Lois Lowry's book
The Giver
was published twenty years, beating out
The Hunger Games
and
Divergent
by a considerable margin. In the case of the latter, which recently had an
adaptation starring Shailene Woodley, the author has openly stated she drew
inspiration from
The Giver in crafting the faction-based, anti-diversity
world of her popular novels. Does anybody really care about that, though?
Nobody will think about which book came first, all they'll know is which film
came first and which one looks like a derivative, boring entry in the YA genre.

The irony is so many of these films are about celebrating diversity yet they
are virtually indistinguishable from one another.
The Giver takes place
in a future society where sameness is celebrated; all emotion eradicated and
even the color spectrum is reduced to shades of gray. There is no war or hunger
but there's also no excitement, and you can forget about sex or anything that
qualifies as fun.
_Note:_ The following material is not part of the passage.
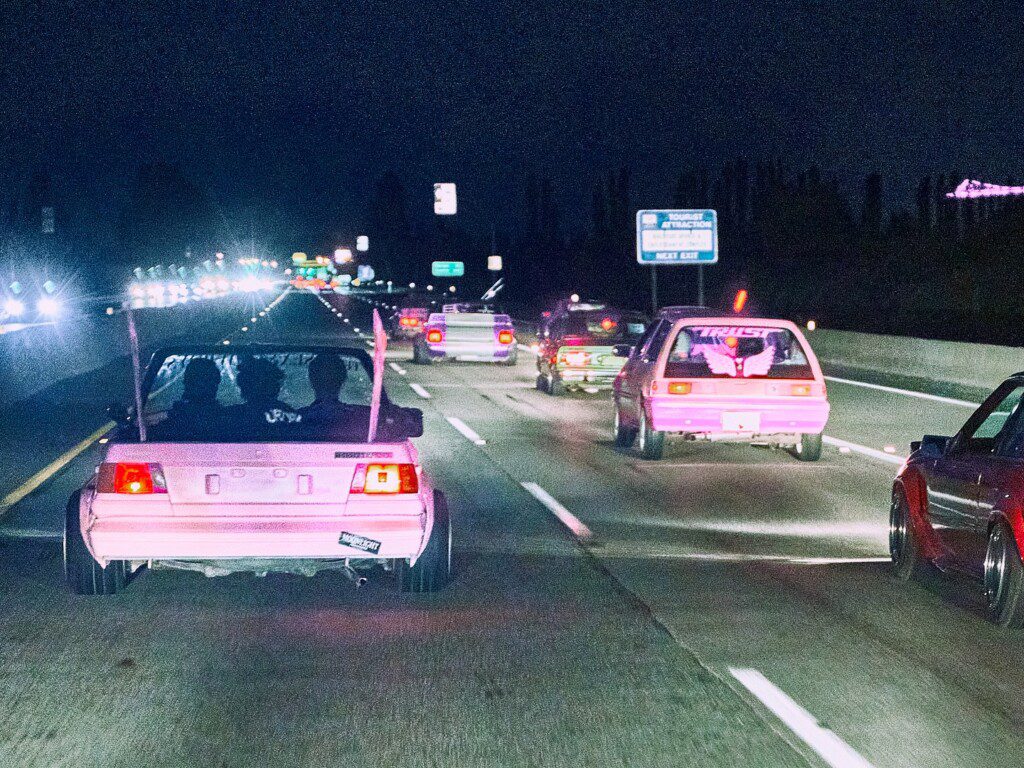 Modified cars cruising on a highway at night, showcasing vibrant pink lights and customization.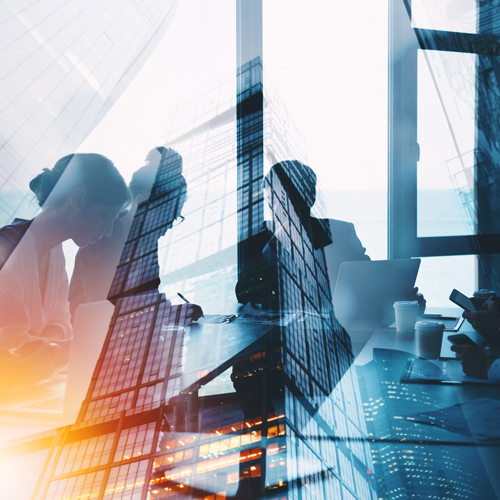 Die Abbildung zeigt eine Besprechung in einem modernen Büro. Mehrere Personen sind an einem Tisch versammelt und arbeiten an Laptops, während große Fenster Blick auf eine Stadtlandschaft bieten. Die Silhouetten der Gebäude sind im Vordergrund zu sehen, was eine doppelte Belichtung erzeugt.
Even words are highly regulated by this quietly oppressive
governmental system, one that sends the elderly off to a mysterious paradise known
as "Elsewhere". Of course this supposedly utopian society hides a
dystopian underbelly, one that the Elders don't want to see revealed.

But if someone is going to expose what's really going on it may be Jonas
(Brenton Thwaites), who during the "Choosing Ceremony" (well, that's
what
Divergent called it anyway) is shocked to learn he's been chosen to
become the new Receiver of Memory. The Receiver is to train under the tutelage
of the Giver (Jeff Bridges), a sort of Yoda master gifted (or cursed) with
memories of how humanity used to be; the love, the war; the racism; the joy;
the freedom; all the things that Jonas has never known. When Jonas' eyes are
opened to the reality of human potential, and begins to see color in a way reminiscent
of 1998's
Pleasantville,
he takes it upon himself to change the status quo once and for all.
The Giver explores our basic need to conform, to gain acceptance from
others even at the cost of our individuality. This is a recurring theme we've
seen far too often and done with greater insight by other films. The big
problem is that Philip Noyce and screenwriting duo Michael Mitnick and Robert
Weide do a terrible job of world-building , never fleshing out this society in
a way that would make this believable. It's almost as if this was a movie made
solely for the initiated who already knew everything going in, and maybe since
Bridges has been developing this movie for a decade that's the case. He scored
a major coup attracting the likes of Meryl Streep to star as the Chief Elder
and she's so bland you wish for the hair-pulling excesses of
August: Osage
County. But she's a damn sight better than Thwaites who seems to have
taken the lack of emotion to heart. While others such as Katie Holmes,
Alexander Skarsgard, and Odeya Rush are expected to dial it back due to the
story's requirements, Thwaites has no such excuse. He's comically bad and
woefully stiff, but worse he's just not much of a presence at all. The story
needs a charismatic figure and the only one it gets is Bridges. With a
mischievous, knowing twinkle in his eye he's the only character fully-formed
enough to warrant our sympathy, especially as he mourns over the memory of his
last student (Taylor Swift in a minor cameo) who met a tragic fate.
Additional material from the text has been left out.